Petrobras intends to sell 90% of its stake in the Transportadora Associada de Gas (TAG) pipeline company as part of its US$21 billion divestment schedule over the next two years.
TAG has long-term permits to manage 4,500 km of natural gas pipelines that are concentrated in Brazil’s northern and northeastern regions. The network has a transmission capacity of around 75 mcm per day.
Petrobras said that TAG’s volume was "fully employed through long-term contracts with ship-or-pay clauses". Most of the operation and maintenance work on the network is carried out by Petrobras’ subsidiary Transpetro.
The state-run Brazilian oil firm is divesting itself of non-core assets to clear its debt pile and focus investment on key upstream projects, such as its pre-salt fields in the Atlantic Ocean. The company has already sold its southeastern gas distribution business Nova Transportadora do Sudeste (NTS) to Canada’s Brookfield Infrastructure Partners for US$4.2 billion.
The TAG deal could prove as controversial as the NTS sale amongst Brazil’s trade unions, however. The Federation of Oil Workers (FUP) laid out its objections to the TAG sale last week. "In addition to dismantling Petrobras’ transport logistics, the sale of TAG will leave the control of the country’s gas pipelines in the hands of foreign groups. The state company will have to submit to prices and conditions imposed by multinationals, as is already happening with NTS," FUP said.

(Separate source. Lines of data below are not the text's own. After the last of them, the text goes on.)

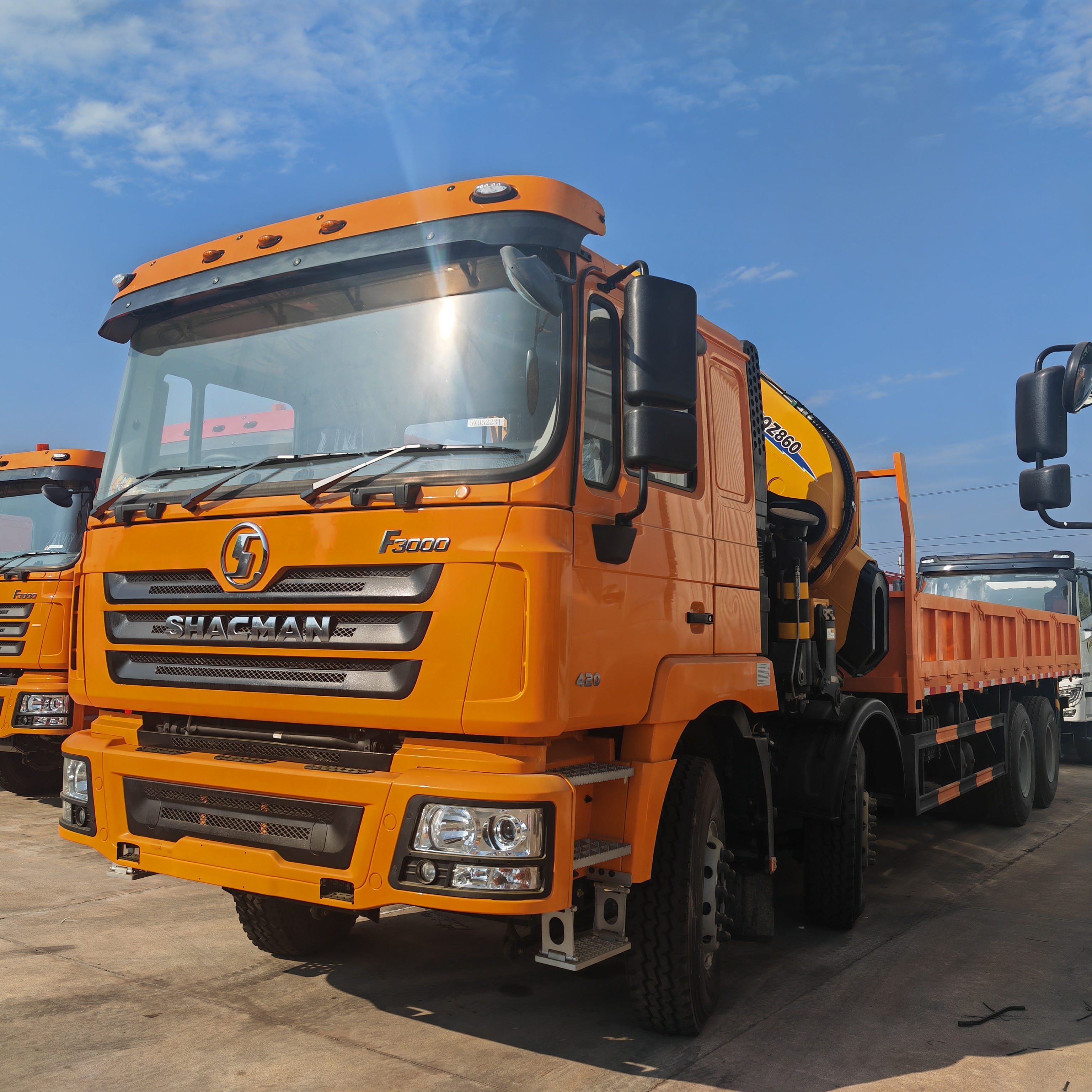 China Shacman F3000 Truck With XCMG GSQZ860 32ton Folding Crane factory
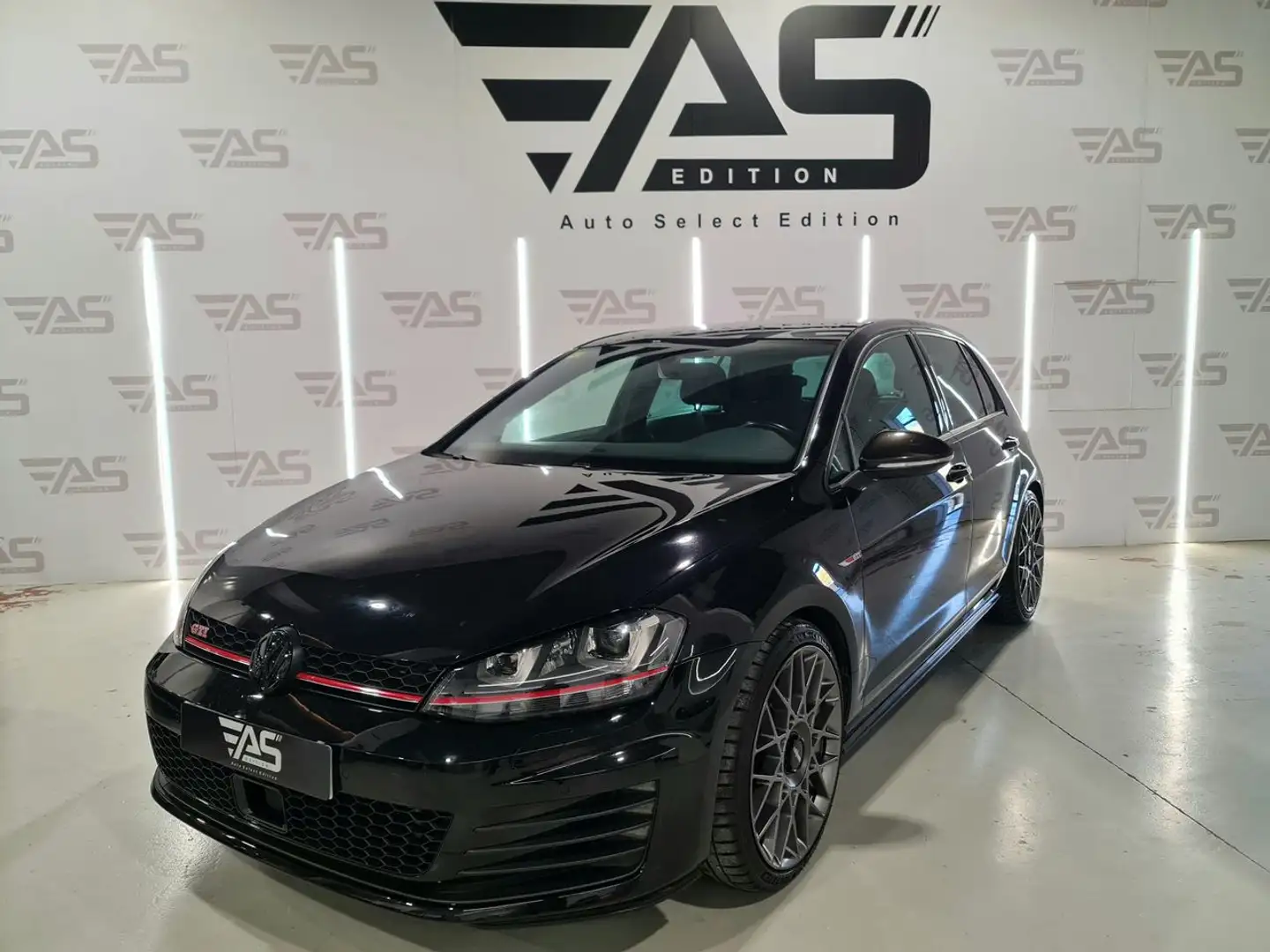 Volkswagen Golf GTI 2.0 TSI 220 Noir - 1
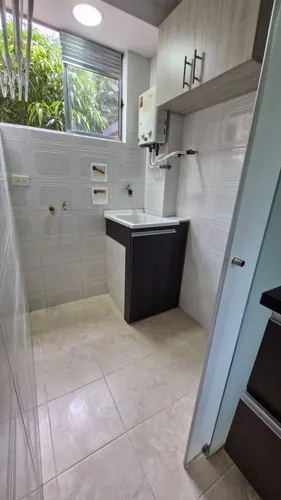 Vendo Apartamento En La Parte Baja De La Loma De Los Bernal, Piso Bajo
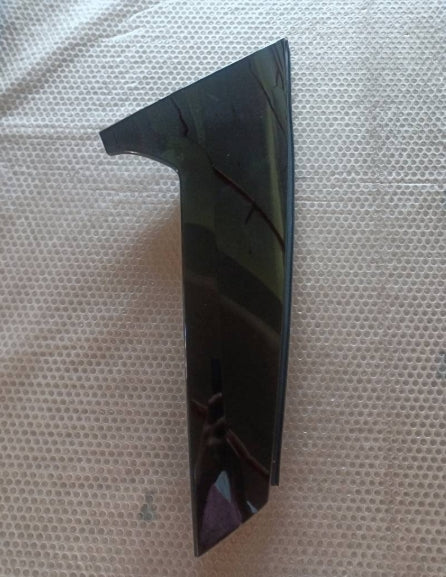 6302220-E0010-AA00000>Right tailgate decorative panel assembly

The FUP argued that following NTS’ sell-off, Petrobras would end up spending US$1 billion per year to use pipelines in southeast Brazil. The group said this would mean the company ends up paying out the value of the NTS deal in four years of pipeline use and that a similar scenario would unfold in respect of TAG.
The unions’ opprobrium could see legal action follow over the TAG deal. Although a potential risk to investors looking at TAG, the legal threat is unlikely to scupper a sale. Lower courts in Brazil have managed to suspend some sales in Petrobras’ divestment programme, though they have been overruled by higher courts.
Furthermore, Petrobras’ CEO, Pedro Parente, is unrepentant over what he argues is the company’s need to sell assets to reduce its crippling debts.
The company has also launched the process to sell two fertiliser companies: Araucaria Nitrogenados, based in Araucaria in Parana state in Southern Brazil; and Nitrogen Fertiliser Unit III, in Mato Grosso do Sul state.
The Nitrogen Fertiliser Unit is under construction in Tres Lagoas and is around 80% complete, the company said in a statement, though work on the facility came to a halt in December 2014. Araucaria Nitrogenados (Ansa) produces ammonia and urea for the chemical and fertiliser industries.